In practice, this allowed for a certain expenditure for these men to maintain their ports and operations. However, these expenses were uncertain and the amount allowed for one port might be deficient for another, since the costs of living and the amount of imports varied greatly up and down the seaboard.   
 
In September 1789, the same month that Hamilton took over as Secretary of the Treasury, the House of Representatives, considering “an adequate provision for the support of the public credit, as a matter of high importance to the national honor and prosperity,” had directed Hamilton to prepare a report on the state of the public credit. During the succeeding months Hamilton obtained extensive information on the current financial situation of the United States, but the final report went far beyond the original intentions of Congress. Drawing heavily upon precedent and writings on public finance, Hamilton included a sweeping and controversial plan for the reestablishment of public credit by providing for funding the public debt through an orderly system of collecting duties on imports and tonnage—implemented by duties on imported wines, spirits, coffee, and tea, and on domestically distilled spirits. The plan also included federal assumption of debts contracted by the states during the Revolution.
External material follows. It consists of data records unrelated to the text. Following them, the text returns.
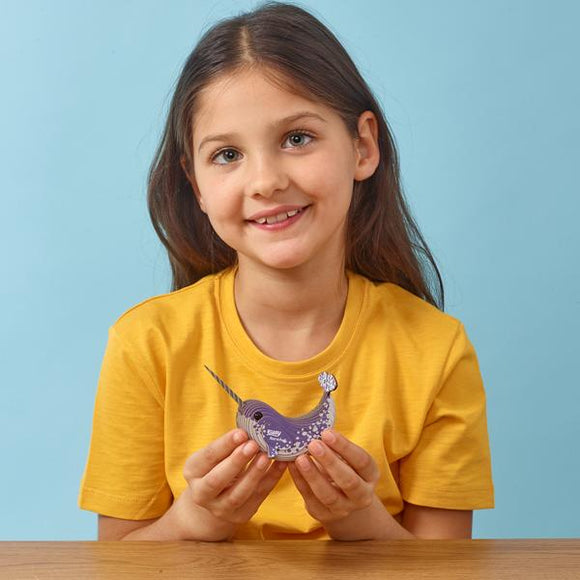 Girl in yellow tshirt holding the purple narwhal model.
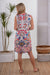 Lady wearing Cienna's Cross Stitch Midi Shirt Short Dress in White, blue red and pink with a v-neck, sleeveless and button front.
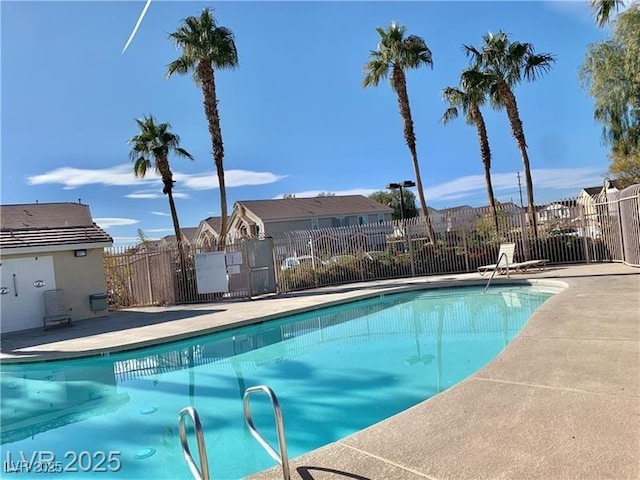 4675 Color Up Ct Unit 101, Las Vegas, NV 89122 - community pool with fence, a residential view, and a patio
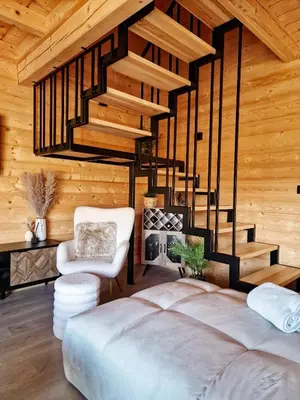 a bedroom with a large bed and a staircase at Domek Jaworówka in Zawoja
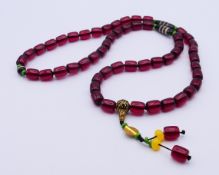 A string of beads. 84 cm long.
Hamilton’s “Report Relative to a Provision for the Support of Public Credit” was presented to Congress on January 14, 1790.  This included a list of the expenses of the various departments, including Treasury. 
 
Hamilton then turned to a directive from Congress, which instructed him on January 19, “That the Secretary of the Treasury be directed to report to this House such information as he may have obtained respecting any difficulties which may have occurred in the execution of the several laws for collecting duties on goods, wares, and merchandises, and on tonnage, and for regulating the coasting trade, together with his opinion thereupon.”
 
The next day, Hamilton wrote a circular to his Collectors, seeking a Treasury-wide accounting of the variable expenditures required to run his revenue-collecting operation.
 
Letter signed, on Treasury Department letterhead, New York, January 20, 1790.  “Sir, Motives friendly to the interests of the officers of the customs, as well as to the advancement of the public service, induce me to desire that I may be as soon as possible furnished with a statement of the amount of the emoluments, which have accrued to them respectively under the existing regulations, up to the first of January.  As this letter will only be addressed to the collector of each District it will be proper that a communication should be made to the Naval Officer and Surveyor.  I shall take it for granted that the information I may receive on this head will be such as I may place absolute reliance upon.  A Hamilton"
 
He got back in return the responses from his collectors, with some complaining about the inadequate amount of their emoluments.  
 
On April 23, 1790, Hamilton gave his formal report to Congress, which included what he learned.  “The Secretary considering it as an essential rule, that emoluments of office should not be extended by construction or inference beyond the letter of the provision, lest a door should be opened to improper exactions; has instructed the Officers of the Customs to govern themselves by a literal interpretation of the several clauses of this section; the consequence of which, however, is, that equal services are unequally recompensed.”